Material for this task —
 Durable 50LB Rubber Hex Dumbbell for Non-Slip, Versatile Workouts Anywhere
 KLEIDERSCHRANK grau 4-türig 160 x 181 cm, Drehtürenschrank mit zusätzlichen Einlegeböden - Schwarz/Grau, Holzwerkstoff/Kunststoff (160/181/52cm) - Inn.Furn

* * *

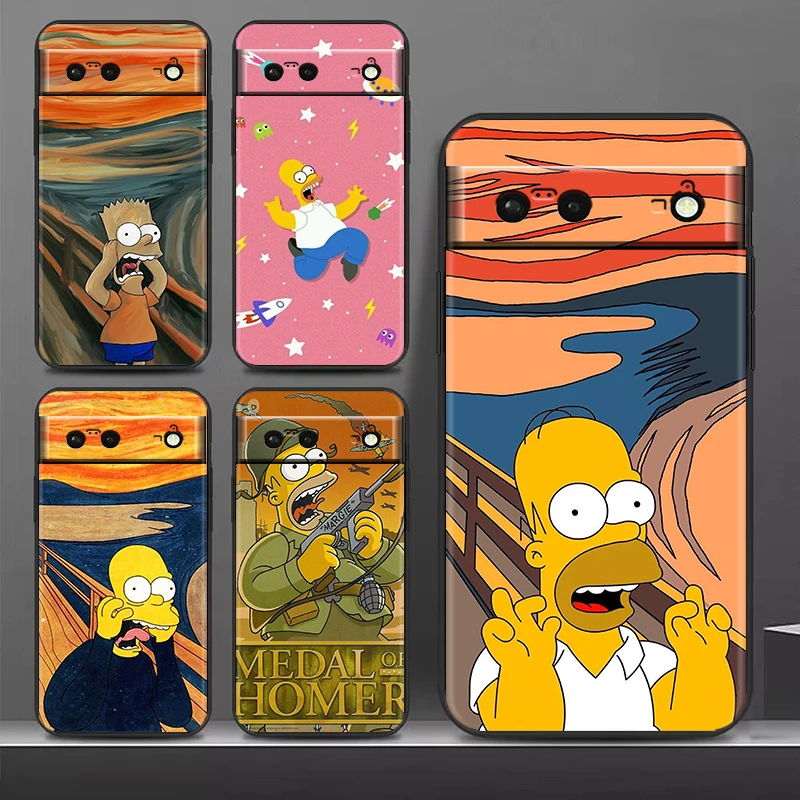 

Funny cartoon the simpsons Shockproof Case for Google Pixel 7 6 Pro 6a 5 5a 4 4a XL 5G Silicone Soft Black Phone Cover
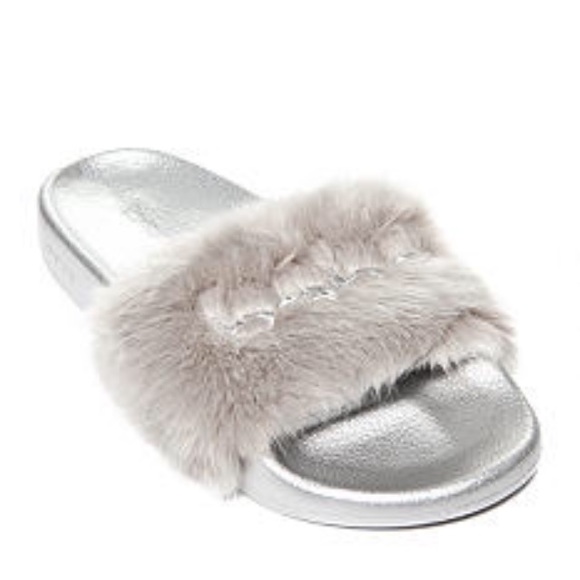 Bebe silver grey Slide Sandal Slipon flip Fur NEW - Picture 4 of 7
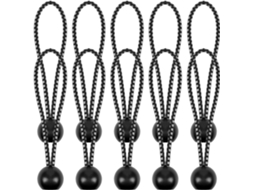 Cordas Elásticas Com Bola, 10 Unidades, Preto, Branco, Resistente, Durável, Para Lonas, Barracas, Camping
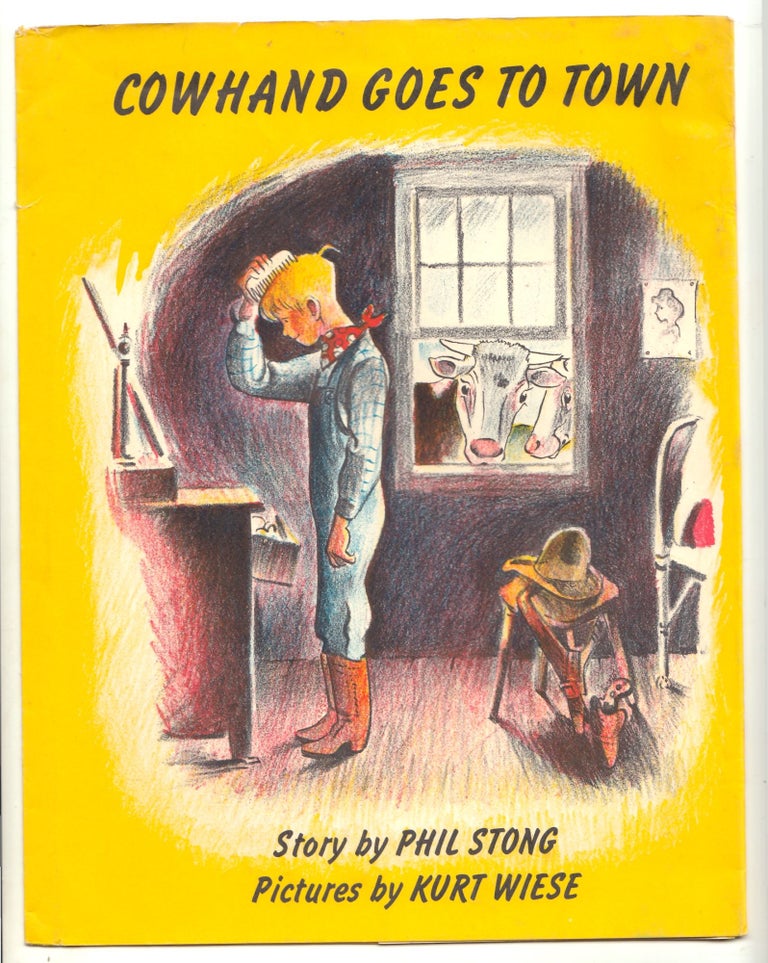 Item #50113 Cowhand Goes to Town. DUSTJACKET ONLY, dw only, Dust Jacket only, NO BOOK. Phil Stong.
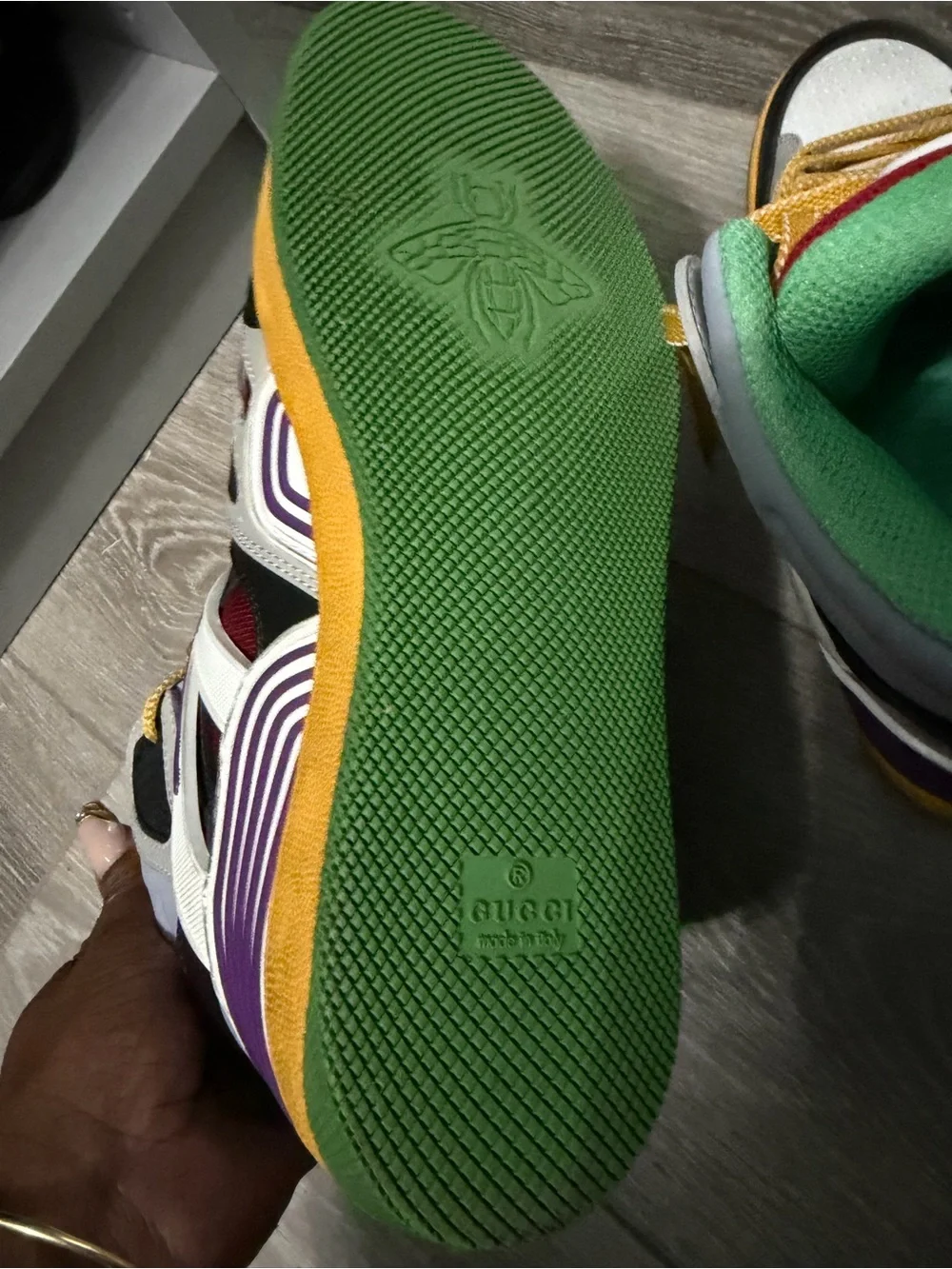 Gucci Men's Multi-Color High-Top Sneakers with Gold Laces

--

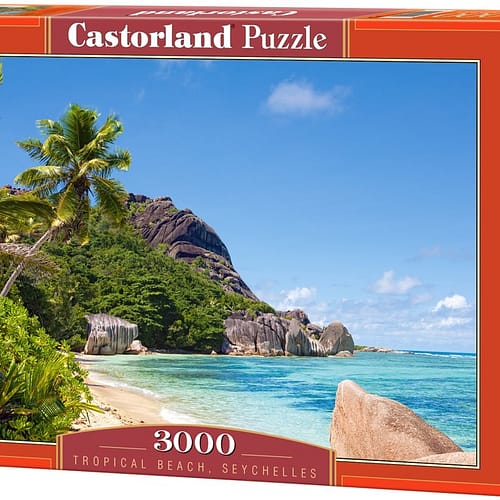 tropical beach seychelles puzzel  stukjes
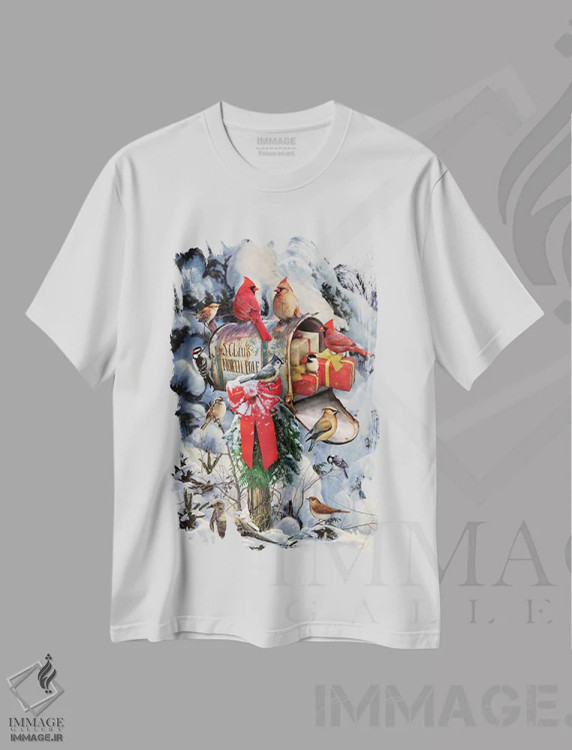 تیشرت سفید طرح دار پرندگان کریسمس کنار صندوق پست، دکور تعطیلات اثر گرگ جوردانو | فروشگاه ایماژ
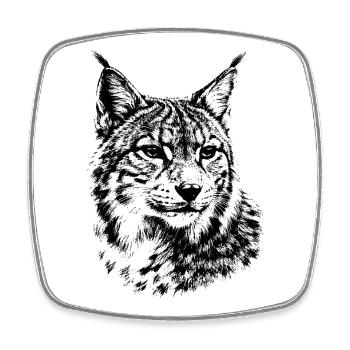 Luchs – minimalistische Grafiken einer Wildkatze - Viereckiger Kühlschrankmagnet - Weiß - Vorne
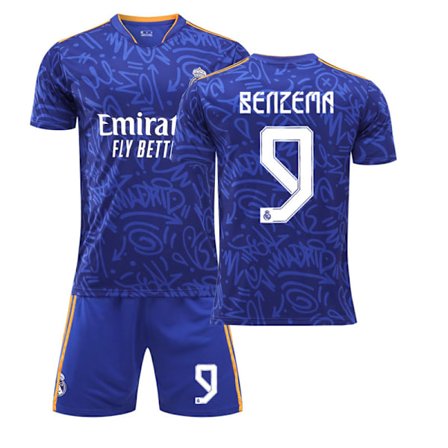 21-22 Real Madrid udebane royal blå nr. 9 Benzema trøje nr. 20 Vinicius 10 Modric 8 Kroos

Work to complete — Everything above from the line with "Durable 50LB Rubber" to the line with "KLEIDERSCHRANK grau 4-türig", both included, must be repeated exactly, and nothing outside that range.

Final answer —
 Durable 50LB Rubber Hex Dumbbell for Non-Slip, Versatile Workouts Anywhere
 KLEIDERSCHRANK grau 4-türig 160 x 181 cm, Drehtürenschrank mit zusätzlichen Einlegeböden - Schwarz/Grau, Holzwerkstoff/Kunststoff (160/181/52cm) - Inn.Furn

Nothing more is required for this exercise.